**AVAILABLE DATA:**
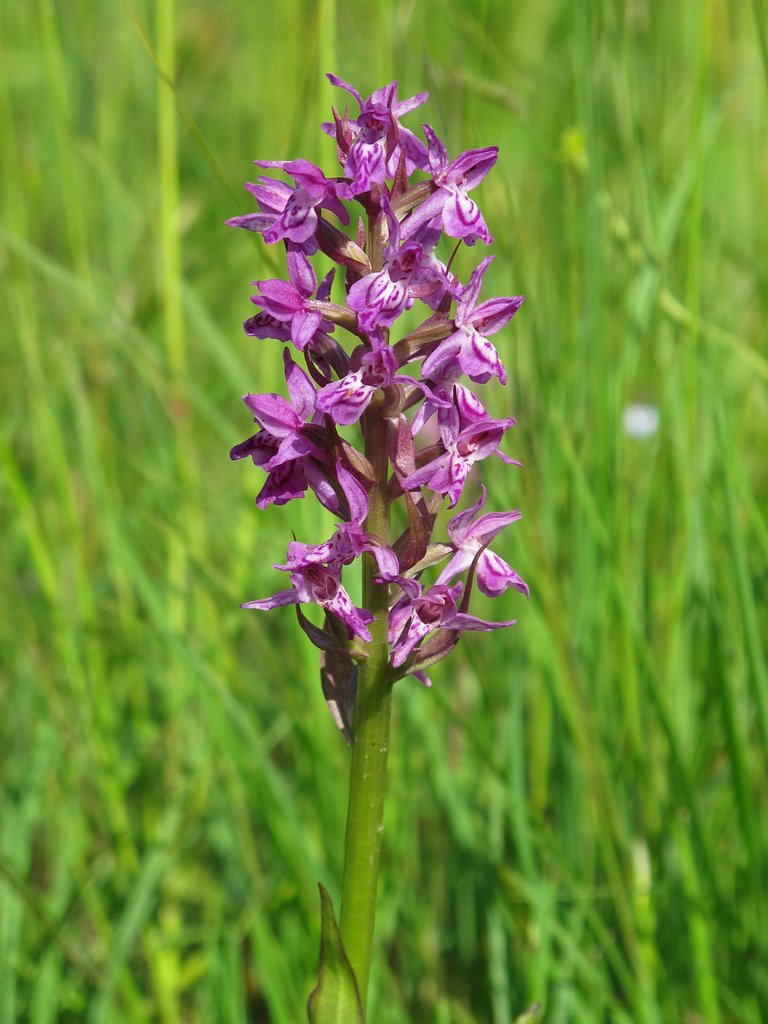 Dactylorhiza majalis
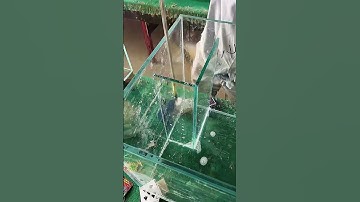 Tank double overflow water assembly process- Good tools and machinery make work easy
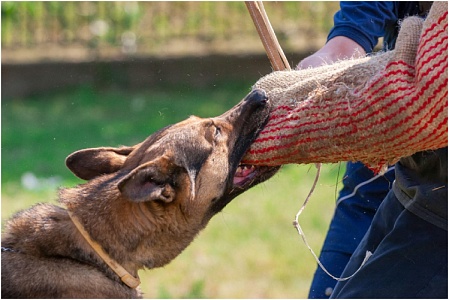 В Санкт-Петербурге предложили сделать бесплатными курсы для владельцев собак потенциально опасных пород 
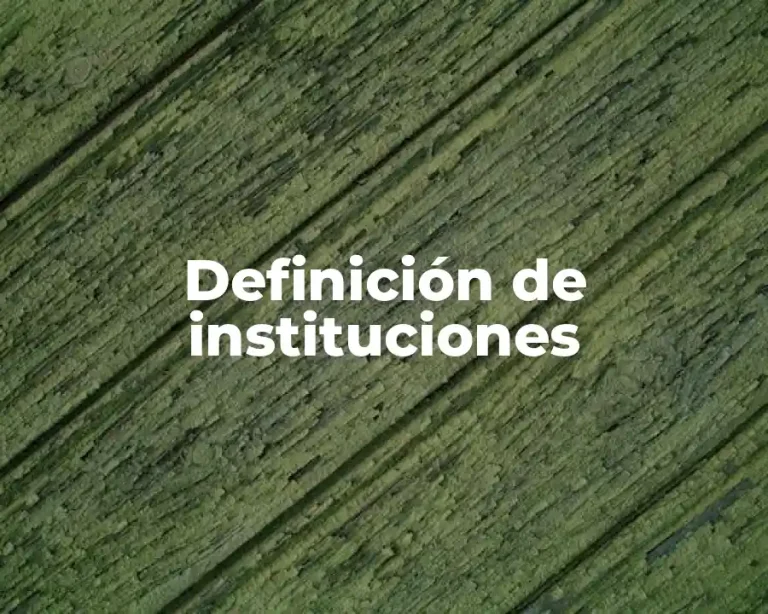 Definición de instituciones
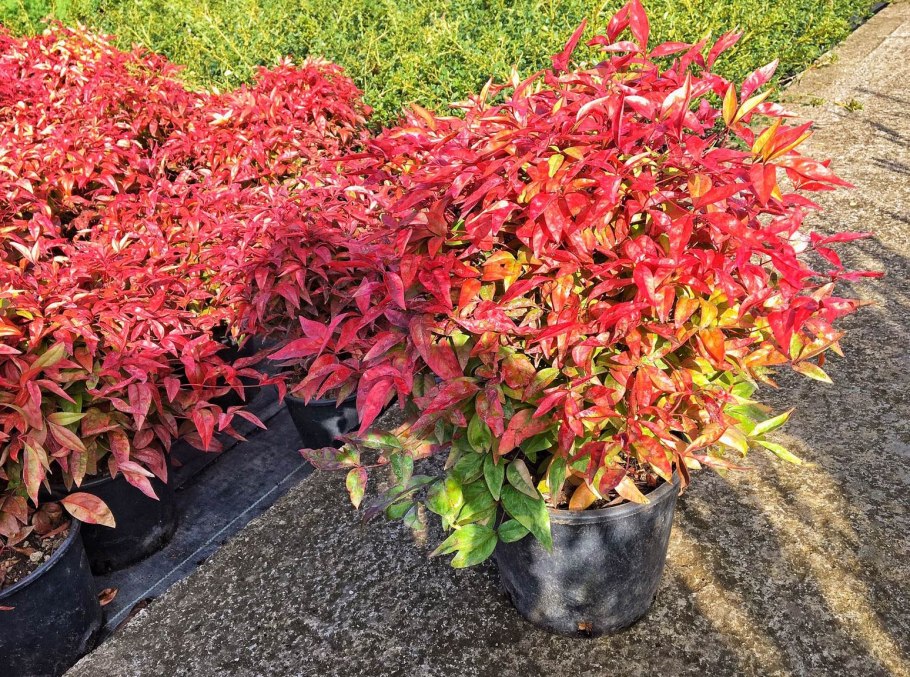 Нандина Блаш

**DESCRIPTION OF THE TASK:** Repeat each entry above word for word, leaving every picture out.

**ANSWER TO THE PROBLEM:**
 Dactylorhiza majalis
 Tank double overflow water assembly process- Good tools and machinery make work easy
 В Санкт-Петербурге предложили сделать бесплатными курсы для владельцев собак потенциально опасных пород 
 Definición de instituciones
 Нандина Блаш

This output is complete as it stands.